President Nicos Anastasiades said on Sunday he had put out feelers to his Israeli counterpart Benjamin Netanyahu about the possibility of procuring vaccines from Tel Aviv.

In an interview with Politis he said Netanyahu had promised to look into what possibilities were available and he should have an answer in days.

Israel is leading the world in vaccinating its population with 19.5 per cent having received the shot since December 19, including more than 72 per cent of the over-60s

When asked whether this was possible under the common vaccine distribution agreements with the EU, Anastasiades said it was not a matter for the EU.

What counted was that the vaccine was EU approved. Israel is using Pfizer and Moderna vaccines, both of which have secured EU approval. Anastasiades said the aim was to speed up vaccinations. Cyprus has only vaccinated around 0.5 per cent of people yet.

Asked about the Russian or Chinese vaccines, as suggested by opposition Akel, the president said there would be a problem as they are not EU approved.
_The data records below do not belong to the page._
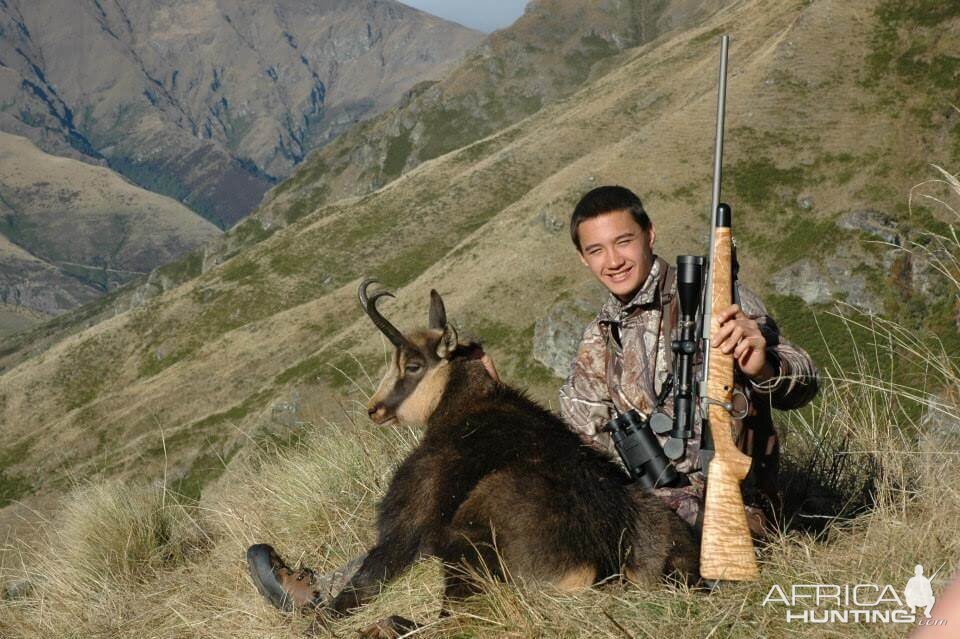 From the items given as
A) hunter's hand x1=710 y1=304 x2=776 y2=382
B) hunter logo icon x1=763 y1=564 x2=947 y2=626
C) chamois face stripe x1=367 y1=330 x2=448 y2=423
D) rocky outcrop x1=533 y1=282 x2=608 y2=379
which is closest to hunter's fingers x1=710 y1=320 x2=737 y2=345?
hunter's hand x1=710 y1=304 x2=776 y2=382

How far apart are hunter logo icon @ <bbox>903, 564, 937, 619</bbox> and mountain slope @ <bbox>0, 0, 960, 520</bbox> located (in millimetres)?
21355

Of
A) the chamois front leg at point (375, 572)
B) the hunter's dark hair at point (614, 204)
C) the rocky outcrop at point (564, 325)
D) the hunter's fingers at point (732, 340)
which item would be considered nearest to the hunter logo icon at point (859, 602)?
the hunter's fingers at point (732, 340)

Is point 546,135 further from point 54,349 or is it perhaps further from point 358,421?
point 358,421

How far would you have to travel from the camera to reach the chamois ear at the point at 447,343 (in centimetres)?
566

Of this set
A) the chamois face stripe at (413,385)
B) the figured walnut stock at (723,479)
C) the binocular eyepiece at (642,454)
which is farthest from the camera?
the chamois face stripe at (413,385)

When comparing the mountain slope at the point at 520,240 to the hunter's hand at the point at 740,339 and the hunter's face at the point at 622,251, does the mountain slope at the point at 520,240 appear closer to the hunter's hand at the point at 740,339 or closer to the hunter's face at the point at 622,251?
the hunter's face at the point at 622,251

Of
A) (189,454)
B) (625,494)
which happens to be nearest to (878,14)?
(189,454)

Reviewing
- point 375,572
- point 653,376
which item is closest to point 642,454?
point 653,376

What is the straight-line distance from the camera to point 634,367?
601 cm

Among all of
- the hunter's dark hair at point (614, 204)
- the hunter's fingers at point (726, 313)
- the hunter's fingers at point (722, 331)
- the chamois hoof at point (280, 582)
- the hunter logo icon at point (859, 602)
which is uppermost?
the hunter's dark hair at point (614, 204)

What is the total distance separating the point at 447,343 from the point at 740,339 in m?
2.09

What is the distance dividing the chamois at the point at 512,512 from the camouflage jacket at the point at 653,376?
2.54ft

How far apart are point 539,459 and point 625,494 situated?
55 cm

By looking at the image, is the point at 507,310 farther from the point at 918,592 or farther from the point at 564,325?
the point at 918,592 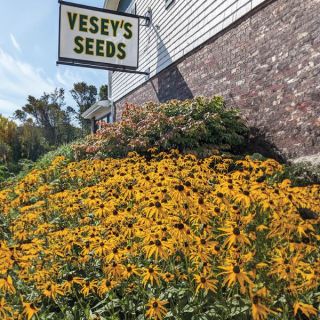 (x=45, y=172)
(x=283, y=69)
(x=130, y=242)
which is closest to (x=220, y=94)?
(x=283, y=69)

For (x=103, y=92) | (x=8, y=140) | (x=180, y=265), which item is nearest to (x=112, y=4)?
(x=8, y=140)

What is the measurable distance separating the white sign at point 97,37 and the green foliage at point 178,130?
186 inches

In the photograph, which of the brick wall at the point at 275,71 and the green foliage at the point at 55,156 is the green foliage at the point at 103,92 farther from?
the brick wall at the point at 275,71

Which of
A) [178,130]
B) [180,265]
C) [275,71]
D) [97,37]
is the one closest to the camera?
[180,265]

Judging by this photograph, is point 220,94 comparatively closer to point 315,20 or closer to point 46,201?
point 315,20

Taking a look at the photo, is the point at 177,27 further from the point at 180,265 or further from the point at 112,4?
the point at 180,265

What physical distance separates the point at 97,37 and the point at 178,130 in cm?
652

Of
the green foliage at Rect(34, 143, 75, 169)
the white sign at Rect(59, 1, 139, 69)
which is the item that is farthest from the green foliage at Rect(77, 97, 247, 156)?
the white sign at Rect(59, 1, 139, 69)

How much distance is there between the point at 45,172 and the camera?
26.0ft

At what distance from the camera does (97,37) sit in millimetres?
13469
“There is certainly criticism in the EU of the delays,” he said. “The EU has been very slow in deciding on the vaccines. One thing that can be blamed on the EU is that the Oxford AstraZeneca vaccine was given a lot of weight because it was also an EU-funded study. The initial indications were very encouraging but at some point there was a setback in its effectiveness resulting in two companies [Pfizer and Moderna] getting ahead but the number of their vaccines is not enough for rapid and mass vaccinations,” he added.

In the interview, the president also slammed the controversial Bishop of Morphou for his contempt of government Covid decrees.

He said the government was examining the bishop’s statements in consultation with the attorney-general to see if any of the comments constituted a criminal offence.

“There is a tendency on his part, if you will, and I say it very boldly to be ‘heroised’. I do not want to turn cowards into heroes,” he said.

Anastasiades said the Archbishop on the other hand fully supported the government, and publicly.